START Data supplied
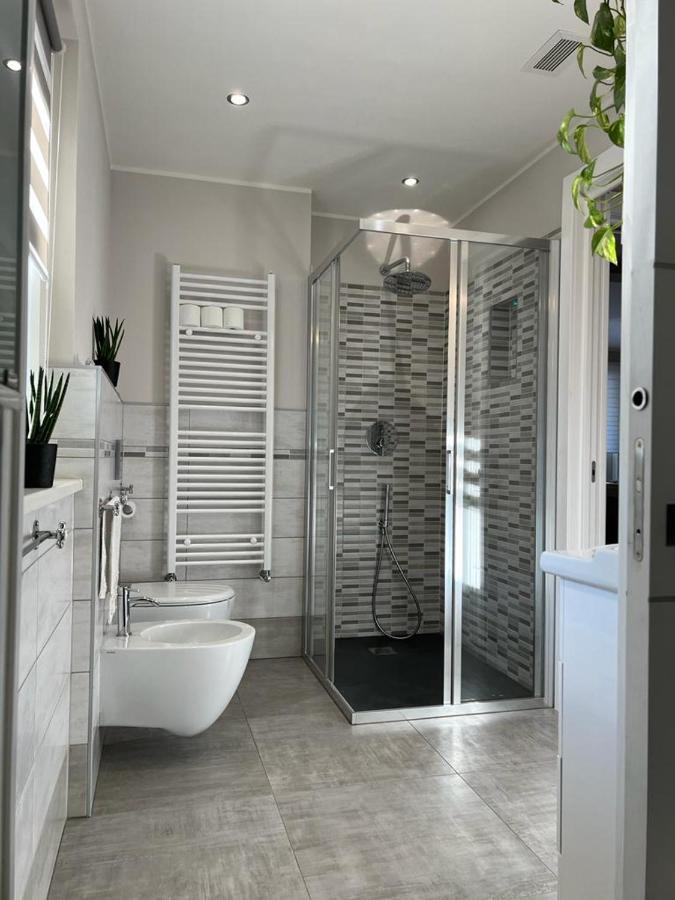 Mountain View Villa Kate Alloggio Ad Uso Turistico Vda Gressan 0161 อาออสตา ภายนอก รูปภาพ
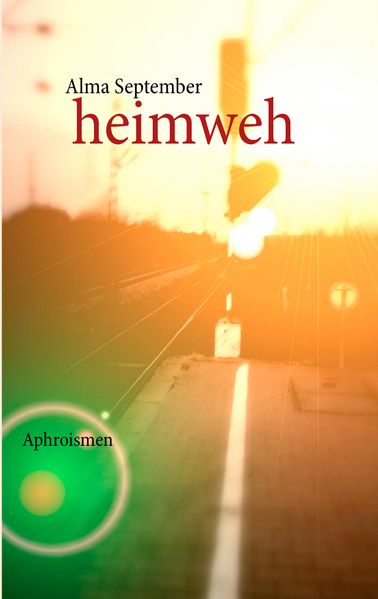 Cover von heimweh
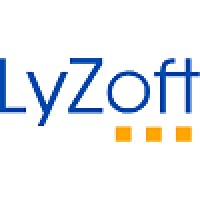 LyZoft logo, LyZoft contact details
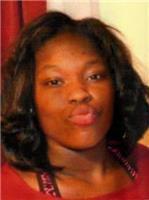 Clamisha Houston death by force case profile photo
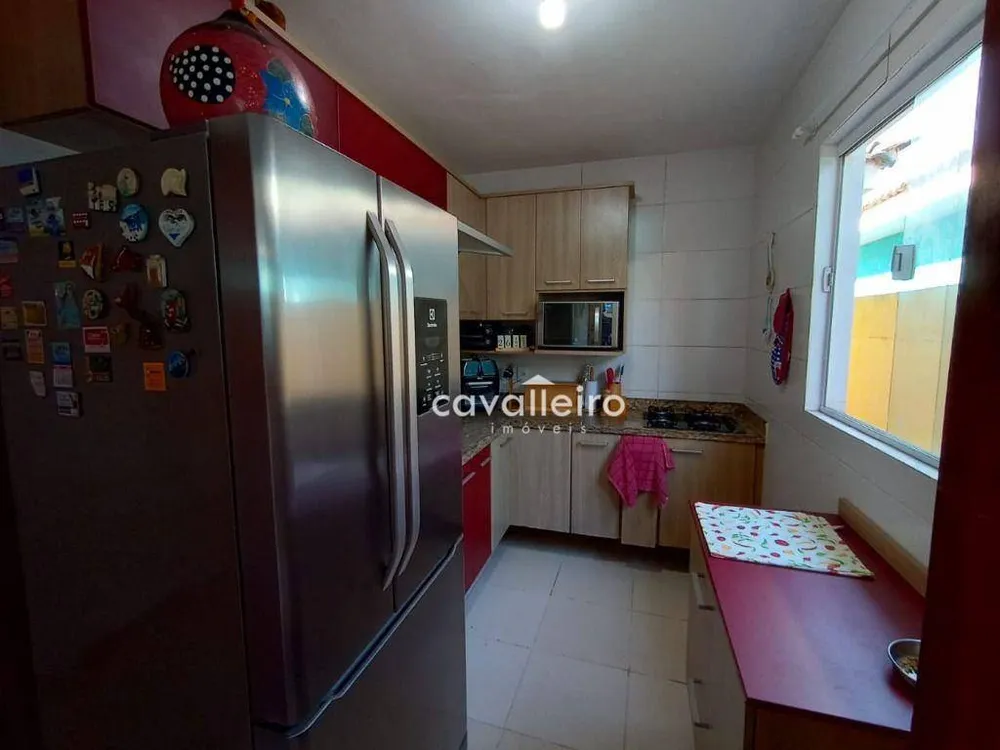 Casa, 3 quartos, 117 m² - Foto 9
END Data supplied
START Data supplied
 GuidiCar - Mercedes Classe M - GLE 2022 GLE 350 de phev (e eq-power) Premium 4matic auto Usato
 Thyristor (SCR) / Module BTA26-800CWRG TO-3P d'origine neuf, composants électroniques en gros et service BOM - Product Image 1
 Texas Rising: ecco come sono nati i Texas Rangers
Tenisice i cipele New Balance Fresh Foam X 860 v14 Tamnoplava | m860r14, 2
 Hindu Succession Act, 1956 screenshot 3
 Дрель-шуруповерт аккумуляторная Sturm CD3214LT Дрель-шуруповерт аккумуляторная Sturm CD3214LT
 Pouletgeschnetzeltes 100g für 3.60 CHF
END Data supplied
START Data supplied
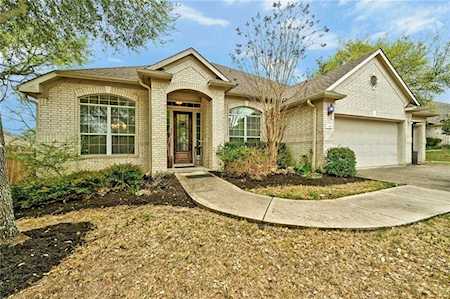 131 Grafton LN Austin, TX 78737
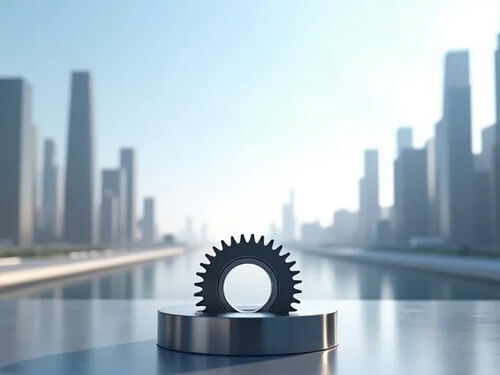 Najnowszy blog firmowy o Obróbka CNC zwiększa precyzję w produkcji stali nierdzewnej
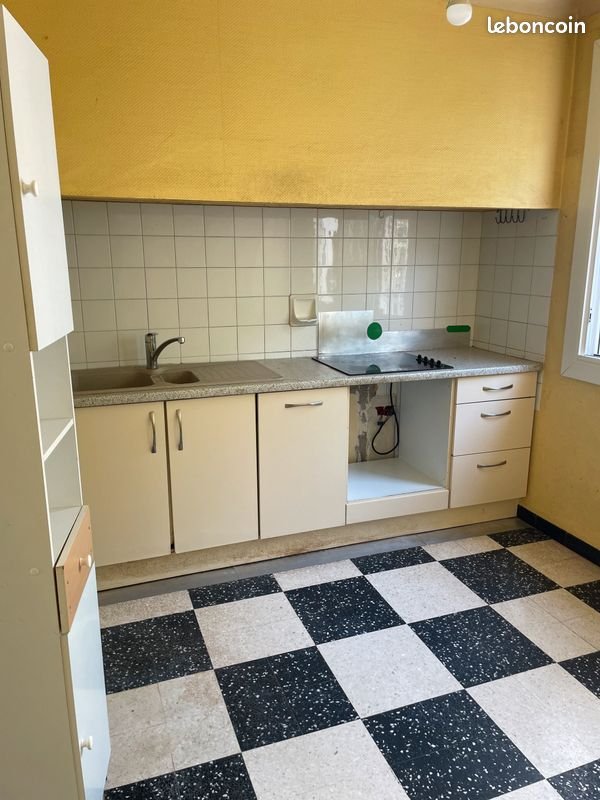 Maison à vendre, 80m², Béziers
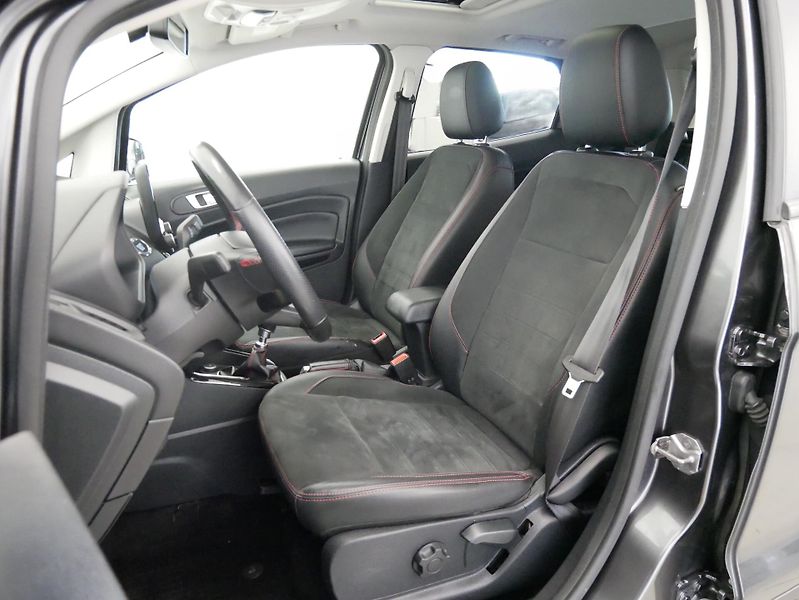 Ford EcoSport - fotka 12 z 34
END Data supplied
▶ _Problem details_
Your reply is to be an exact repeat of the listing above from the line holding "Mountain View Villa" down to the line holding "Casa, 3 quartos, 117 m² - Foto 9", ends included, pictures excluded.

▶ _Result for this task_
 Mountain View Villa Kate Alloggio Ad Uso Turistico Vda Gressan 0161 อาออสตา ภายนอก รูปภาพ
 Cover von heimweh
 LyZoft logo, LyZoft contact details
 Clamisha Houston death by force case profile photo
 Casa, 3 quartos, 117 m² - Foto 9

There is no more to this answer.